# *****Waterproofing With Fiberglass Epoxy?****



## luke (Mar 23, 2011)

Does anyone here have any personal experiance in using Epoxy for waterproofing their Torts enclosure? 

I'm thinking of using it for my redfoots enclosure that im building. I have epoxy and also some waterbased sparurithane or w/e its called. Anyhow, Im concerned that if I line the floor of the enclosure with epoxy, it will leach harmfulll chemicals into the substrate/water. I know there is no sudies on how this sort of thing effects Torts but I'm looking more for opinions, altho personal experiance would be best.

Somone started a thred about a similar topic recenty. But no one on there actualy said they have used epoxy before.

I'll show you pics of the progress soon.


----------



## N2TORTS (Mar 23, 2011)

You could use epoxy. and its usally a two part product, another option is fiberglass/Resin. Still a 3rd option would be to line the bottom with a 20mil rubber and or lining of some sort. I would be safe to say you are trying to waterproof the entire enclosure? . Just a thought .... you might want leave some small drain holes/air ducts within the bottom . For torts ... no need for it to be water tight"....The down side of completly sealing the bottom up , you will develope molds and fungus even with regular cleanings. Slight air movement between the soil layers will keep things breaking down organically in a correct fashion with less "high" build ups of molds and fungi~
Once any of the above mentioned products are cured .. ( usally within 72 hours) ,,,there should be very minimum " toxins" that would harm your torts.
Happy Building" 

JD~


----------



## luke (Mar 23, 2011)

Thanks.

Have you used Epoxy or fiberglass resin for your Torts before?

Yes I am trying to waterproof all of the enclosure but I plan on allowing ventilation as well. I only really want to use the epoxy for the floor part since it be in constantly hight humidity if not wet. For the wood beams I'll probobly just use the Spar and then epoxy on the lower part of the beam.

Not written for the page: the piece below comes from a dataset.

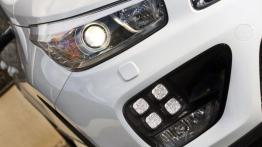 Kia ceed II GT (2013) - prawy przedni reflektor - włączony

When you say "within the bottom" are you talking about the floor of the enclosure or the sides but down at substrate level?

thanks
l


----------



## Kristina (Mar 23, 2011)

I use Parks Superglaze epoxy resin (Home Depot.) It cures 100% non-toxic and hard as a rock. I have used it in fully submersed conditions (false back-grounds for fish tanks) for years with no problems. Then I just use GE Silicone to seal the cracks. You want the silicone to be the kind that does NOT have mold inhibitors. You can use other brands as long as it is 100% silicone (Walmart's "Mainstays" works well also.) 

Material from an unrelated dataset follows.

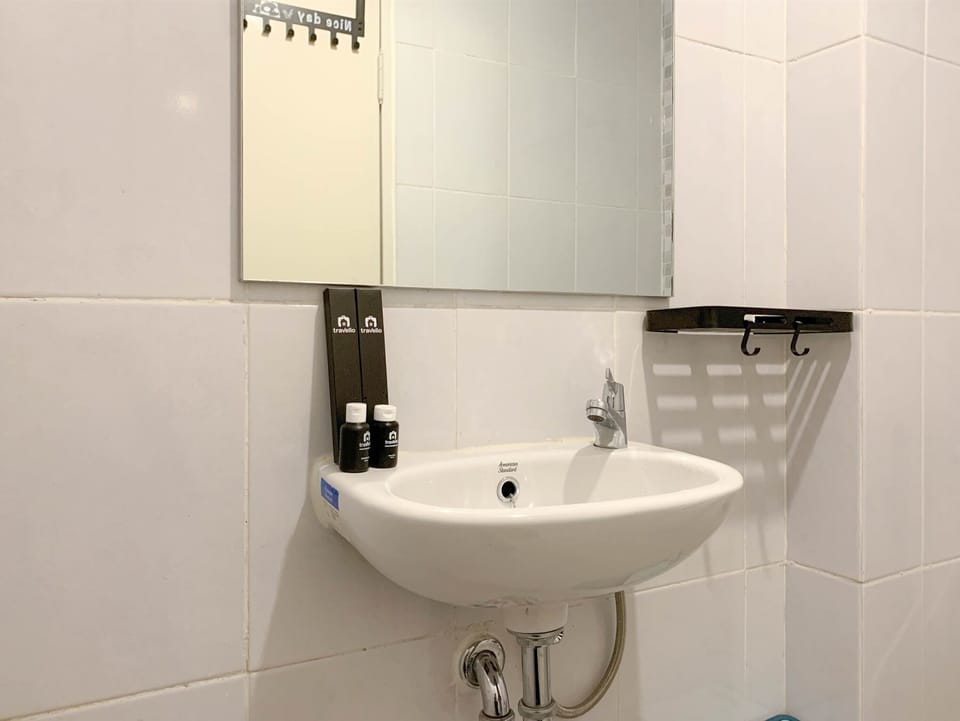 Deluxe Apartment | Bathroom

You also can spread silicone over the wood, if you have a lot of patience, lol. But using the epoxy resin is easier. Marine epoxies also work well (the two part paints used on the bottoms of boats) and are non-toxic, and come in different colors.


----------



## HLogic (Mar 23, 2011)

Stay away from the water-based polyacrylic sealers. They are not meant for high moisture environments.


----------



## lynnedit (Mar 23, 2011)

kyryah said:


> I use Parks Superglaze epoxy resin (Home Depot.) It cures 100% non-toxic and hard as a rock. I have used it in fully submersed conditions (false back-grounds for fish tanks) for years with no problems. Then I just use GE Silicone to seal the cracks. You want the silicone to be the kind that does NOT have mold inhibitors. You can use other brands as long as it is 100% silicone (Walmart's "Mainstays" works well also.)
> 
> You also can spread silicone over the wood, if you have a lot of patience, lol. But using the epoxy resin is easier. Marine epoxies also work well (the two part paints used on the bottoms of boats) and are non-toxic, and come in different colors.



I am interested in this as well. Do you use epoxy resin on floor and up the sides? sounds like you silicone AFTER epoxying? do you use drain holes as described earlier in the thread?
Thanks!


----------



## luke (Mar 23, 2011)

OK TORT folks.

Here are some pics of what I have so far. Please keep in mind that this project initialy started as a "Spring/Summer" cage for my 3 leos. But I ended up getting two redfoots shortly after and decided to build a plastic glass box for them. Somthing that would hold the heat/humidity nicely and give me a good vew of the little squitlers. The original idea was to just make a shallow box and then cage off the top and sides with chicken wire, so my leos could get some sun. You'll notice the colums and some of the beams are darker then the others, thats because I was mixing some new wood with some old wood and I wish I hadnt done that because the polycarbonate wont fit as optimaly. 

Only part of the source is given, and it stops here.